The CSPI said at the time that it was awaiting the Italian study’s review before deciding what long-term safety grade to assign to Splenda in its Chemical Cuisine guide to food additives. As of early 2015 this study review has not yet been published. Many millions of people around the world use artificial sweeteners. They are commonly found in a growing number of and drinks and food items, including food for diabetes, cakes, milkshakes, soft drinks, and even medications.
Italian study links sucralose consumption to leukemia risk
Dr. Morando Soffritti, director of the Ramazzini Institute in Bologna, Italy, and team fed 843 laboratory mice varying doses of sucralose from when they were fetuses until they died.
Here’s what they found:
“Our early studies in rats showed increases in several types of cancer, and, in our most recent aspartame studies, we observed a statistically significant increase of liver and lung tumors in male mice. This shows aspartame causes cancer in various places of the body in two different species.
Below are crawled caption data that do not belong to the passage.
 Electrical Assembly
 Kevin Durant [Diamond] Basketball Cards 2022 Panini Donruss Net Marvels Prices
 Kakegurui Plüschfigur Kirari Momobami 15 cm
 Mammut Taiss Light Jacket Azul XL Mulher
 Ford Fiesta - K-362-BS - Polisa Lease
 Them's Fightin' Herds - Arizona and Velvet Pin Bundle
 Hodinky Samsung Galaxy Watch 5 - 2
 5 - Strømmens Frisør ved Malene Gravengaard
Health concerns over aspartame are leading consumers to switch to the widely promoted alternative: sucralose.
Now that we have found evidence of a link between sucralose and cancer in mice, similar research should be urgently repeated on rats, and large scale observational studies should be set up to monitor any potential cancer risk to human health.”
Dr Soffritti cautions that children and pregnant mothers should avoid consuming artificial sweeteners until appropriate studies clearly show there is no cancer risk.
Here are the Grades
As things stand at the moment, these are the gradings CSPI gives to artificial sweeteners:
Splenda – caution
Saccharin – avoid
Aspartame – avoid
Acesulfame potassium – avoid
Rebiana – safe
CSPI adds that it would be useful to have further testing done on rebiana.
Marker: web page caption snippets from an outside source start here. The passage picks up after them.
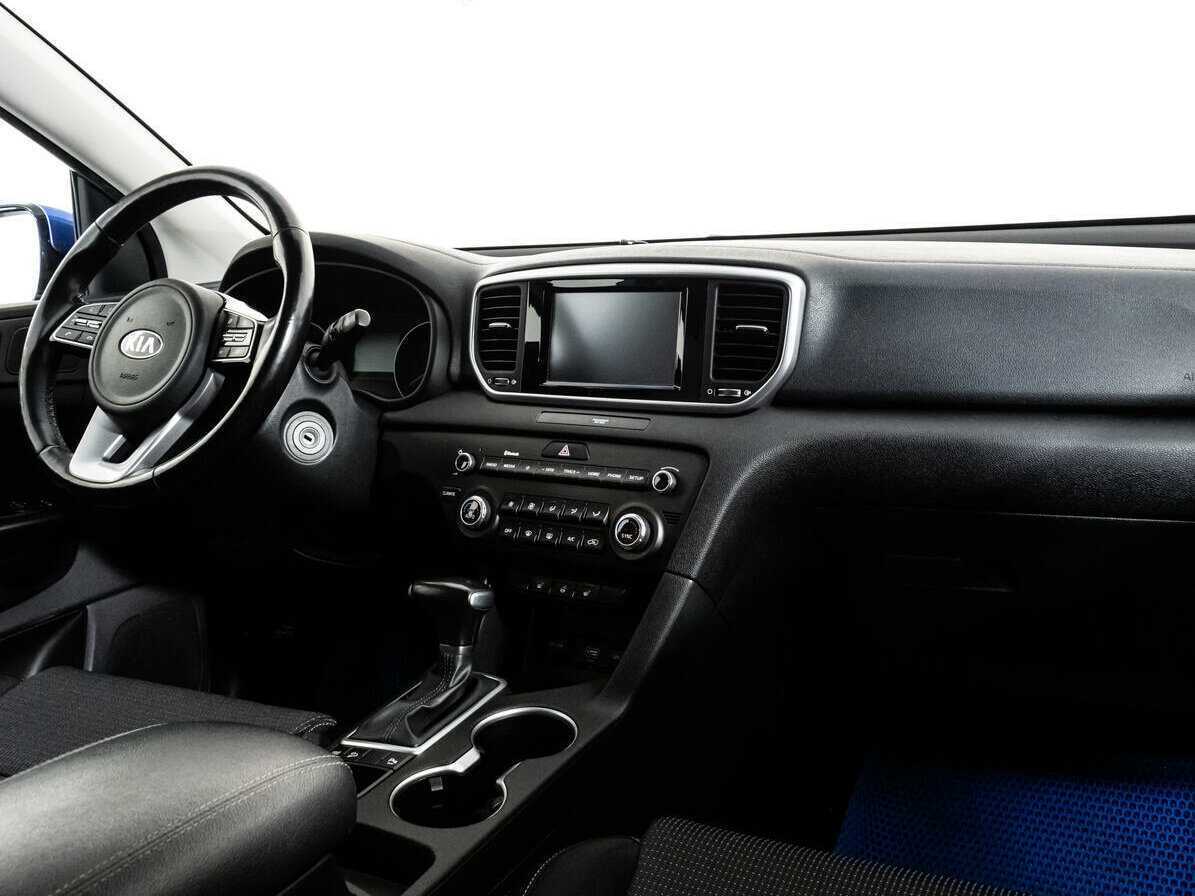 Купить Киа Спортейдж, 2018, 110 062 км.. Фото: #6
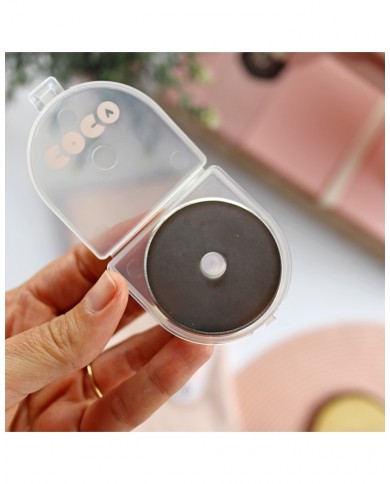 Repuesto para cúter rotatorio contiene 5 cuchillas Aluacid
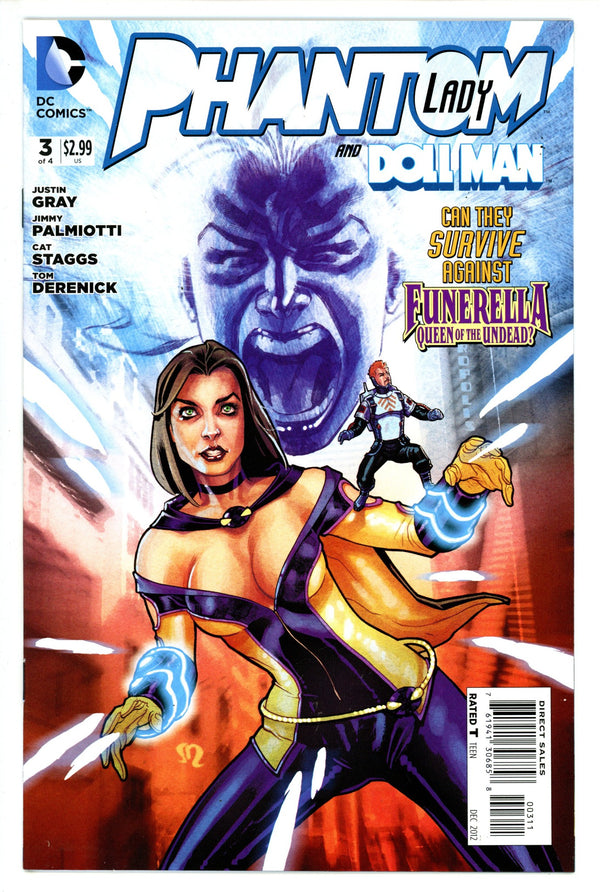 Phantom Lady 3 High Grade (2012)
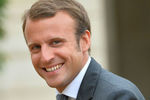 emmanuel Macron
CSPI executive director Michael F. Jacobson, said:
“Sucralose may prove to be safer than saccharin, aspartame, and acesulfame potassium, but the forthcoming Italian study warrants careful scrutiny before we can be confident that the sweetener is safe for use in food.”
“Caution” Regarding Splenda Is Putting It Mildly…
Dr. Mercola, who has written extensively on artificial sweeteners had this to say:
I would instead say that this artificial sweetener should be avoided like the plague. In 2005, I wrote Sweet Deception, in which I expose the many concerns related to the consumption of artificial sweeteners. It’s an extremely well-researched book, and it’s every bit as valid today as it was when I first wrote it. I spent over three years, and had five health care professionals work on it with me to be absolutely sure of our findings.
Mercola was actually threatened by Johnson & Johnson:
I did this because the maker of Splenda, Johnson & Johnson, had their New York legal firm write me a 20-page letter threatening to sue me if I published the book. Needless to say, the book was published and they never sued me as the information was all true.